The Congress spokesperson said her party expects Parrikar, who held the defence portfolio from November 2014 to March 2017, to answer questions related to the deal.
She claimed that Parrikar knew that the norms of the Cabinet Committee on Security (CCS) were "bypassed" and the procedure of the defence procurement was not followed.
Demanding answers to the questions, she said, Parrikar "continues to maintain silence" over the matter.
"Silence is also a conspiracy and an agreement to something that has betrayed the nation. I would hope that, perhaps, he will come forward and answer the questions. It (the deal) was happening under his watch...but he left that for someone else to do it," Chaturvedi said.
She said that Parrikar, just daysprior to the signing of the deal in September 2016, had gone on record to say that some terms of the contract were non-negotiable.
"Andthose are the very clauses that were negotiated on the table in France," she claimed.
Chaturvedi said that in the original tender invited by the Congress-led UPA government for acquiring 126 multi-role fighter planes, two fighter aircraft - Rafale and Eurofighter Typhoon - were found equal on all technical parameters.
In the financial bid round, Rafale became the lowest bidder and Eurofighter Typhoon "admittedly" wrote a letter dated July 4, 2014 to the then defence minister, offering to reduce the price by 20 per cent, she said.
Chaturvedi sought to know why both the companies were not asked to bid afresh through the Inter-governmental agreement route so as to arrive at the lowest price in favour of public interest.
The Congress spokesman said the NDA government is repeatedly stonewalling questions raised by the party about the deal, saying "there is a conspiracy of silence".
Chaturvedi recalled the UPA government had negotiated for 126 jets, of which 18 were to come in fly-away condition and the rest through the transfer of technology route.
"They would have been manufactured by made-in-India public sector unit, that is Hindustan Aeronautics Ltd. There would have been two benefits - we would have been making our own jets and the offset contract benefit worth Rs 36,000 crore would have gone to HAL," the Congress spokesperson said.

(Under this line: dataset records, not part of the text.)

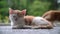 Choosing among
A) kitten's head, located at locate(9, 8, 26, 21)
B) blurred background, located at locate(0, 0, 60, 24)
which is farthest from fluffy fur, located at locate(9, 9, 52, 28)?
blurred background, located at locate(0, 0, 60, 24)

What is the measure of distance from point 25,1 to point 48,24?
361mm

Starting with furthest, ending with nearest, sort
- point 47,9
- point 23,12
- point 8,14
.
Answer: point 47,9 < point 8,14 < point 23,12

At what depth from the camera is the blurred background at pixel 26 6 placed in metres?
1.64

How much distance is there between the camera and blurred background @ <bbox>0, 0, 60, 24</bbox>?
5.38 ft

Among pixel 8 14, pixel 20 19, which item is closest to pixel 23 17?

She alleged that Prime Minister Narendra Modi, during his France visit, changed the terms of the deal and the technology transfer clause was "thrown out of the window".
Chaturvedi said Defence Minister Nirmala Sitharaman's statement in Parliament about a confidentiality clause in the Rafale deal was nothing but a "blatant lie".
"When the UPA was negotiating the deal, it had shared the price of the aircraft," she said.
The government has repeatedly rejected the Congress allegations about the deal.
Sitharaman has maintained that the deal was signed after following a transparent procedure and that the cost of each aircraft along with weapon systems was much lower than what was negotiated by the UPA government.